- PROBLEM DETAILS
Below are lines of records; copy exactly those from the one containing "COHASSET ROTARY CLUB'S ROAD RACE BY THE SEA" through the one containing "Gabbiano Kappersstoel Davos zwart 5", leaving the pictures behind.

- DATA PROVIDED
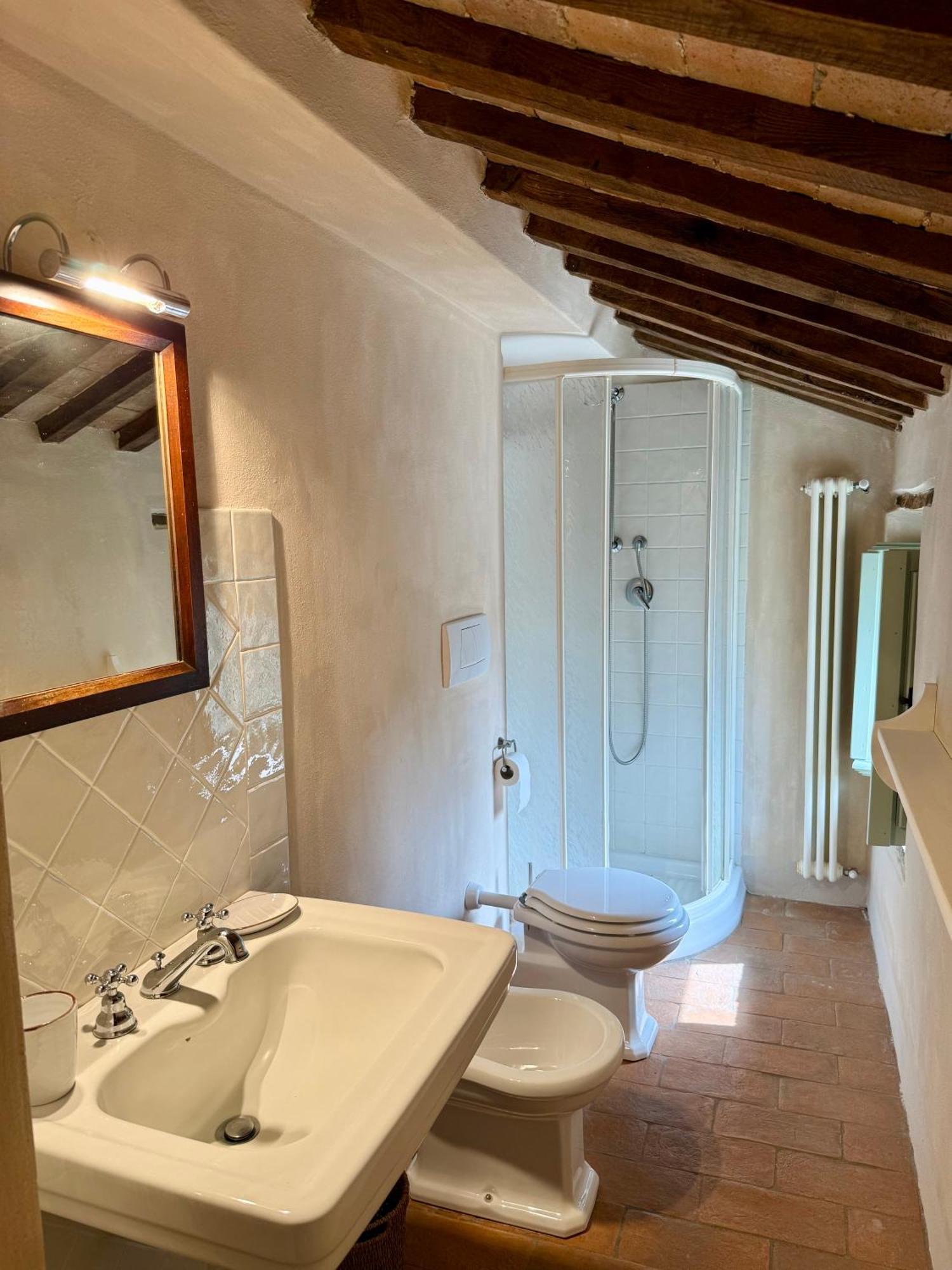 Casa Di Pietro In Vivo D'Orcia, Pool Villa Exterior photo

---

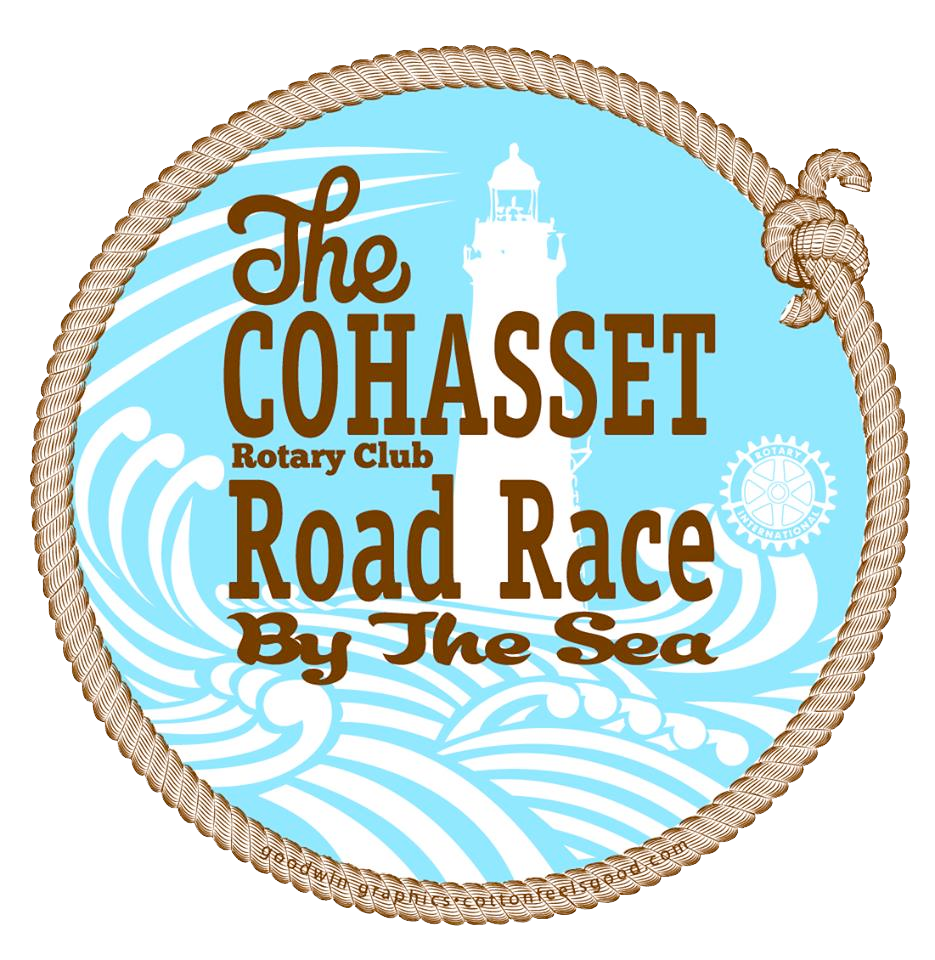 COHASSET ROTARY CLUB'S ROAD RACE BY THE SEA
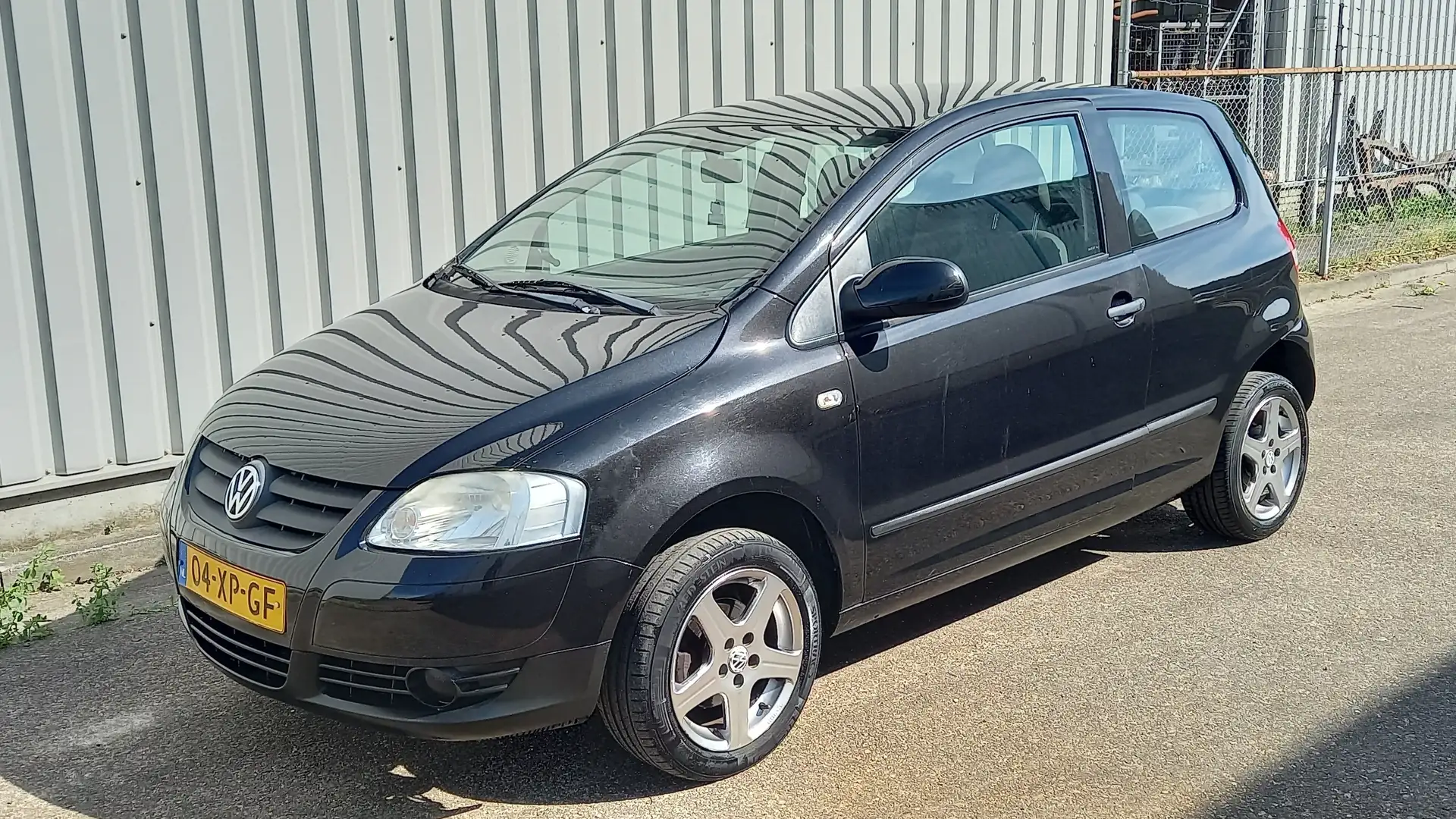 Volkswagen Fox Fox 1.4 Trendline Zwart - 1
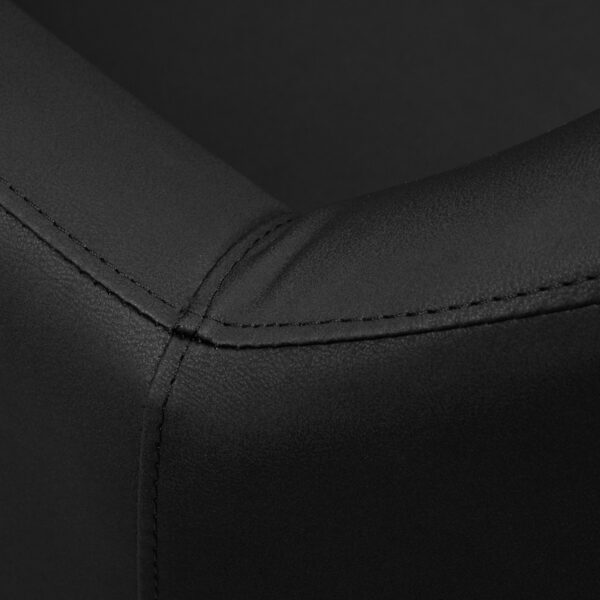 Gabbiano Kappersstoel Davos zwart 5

* * *

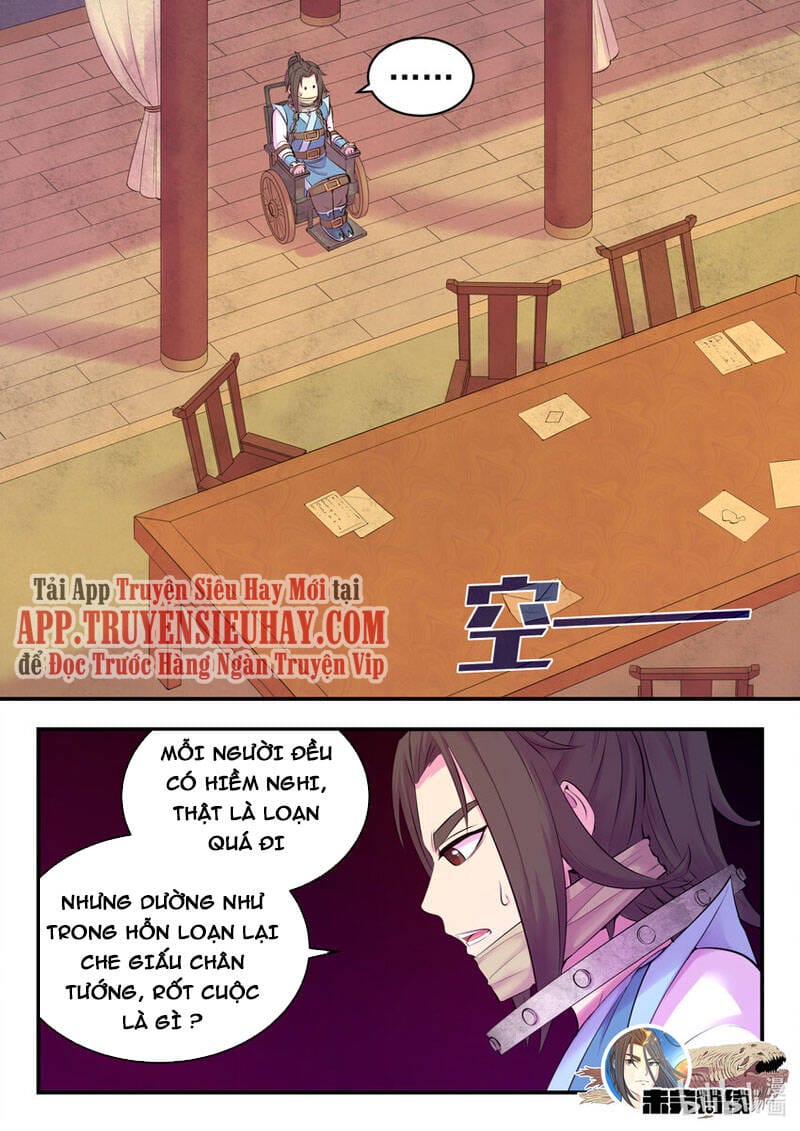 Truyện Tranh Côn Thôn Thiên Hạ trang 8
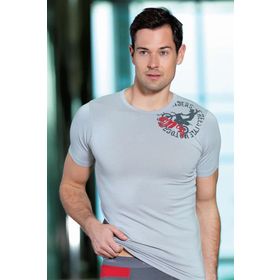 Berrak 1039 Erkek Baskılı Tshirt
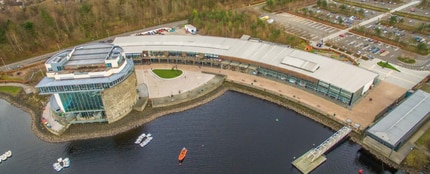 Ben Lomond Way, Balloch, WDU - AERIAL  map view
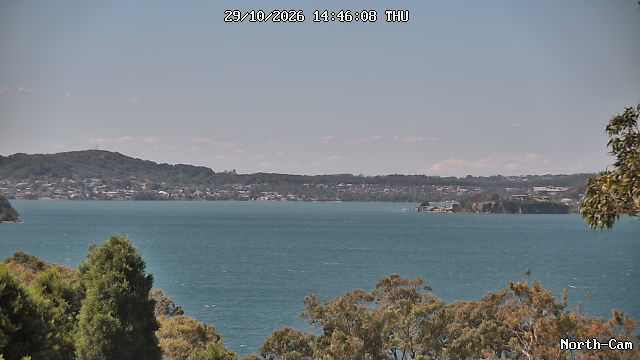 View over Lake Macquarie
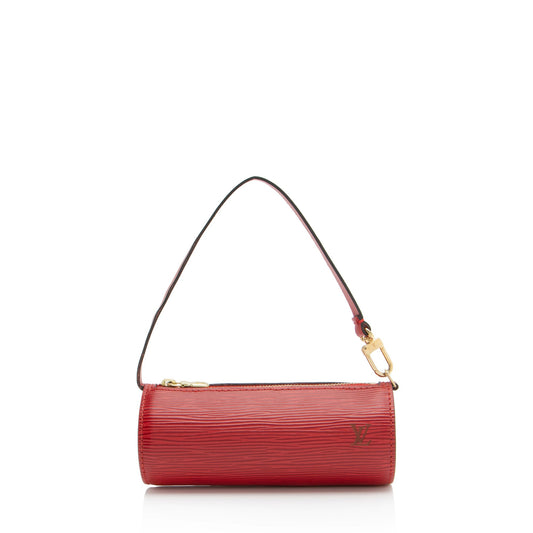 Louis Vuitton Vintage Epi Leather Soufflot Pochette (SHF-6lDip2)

- FINISHED TASK
 COHASSET ROTARY CLUB'S ROAD RACE BY THE SEA
 Volkswagen Fox Fox 1.4 Trendline Zwart - 1
 Gabbiano Kappersstoel Davos zwart 5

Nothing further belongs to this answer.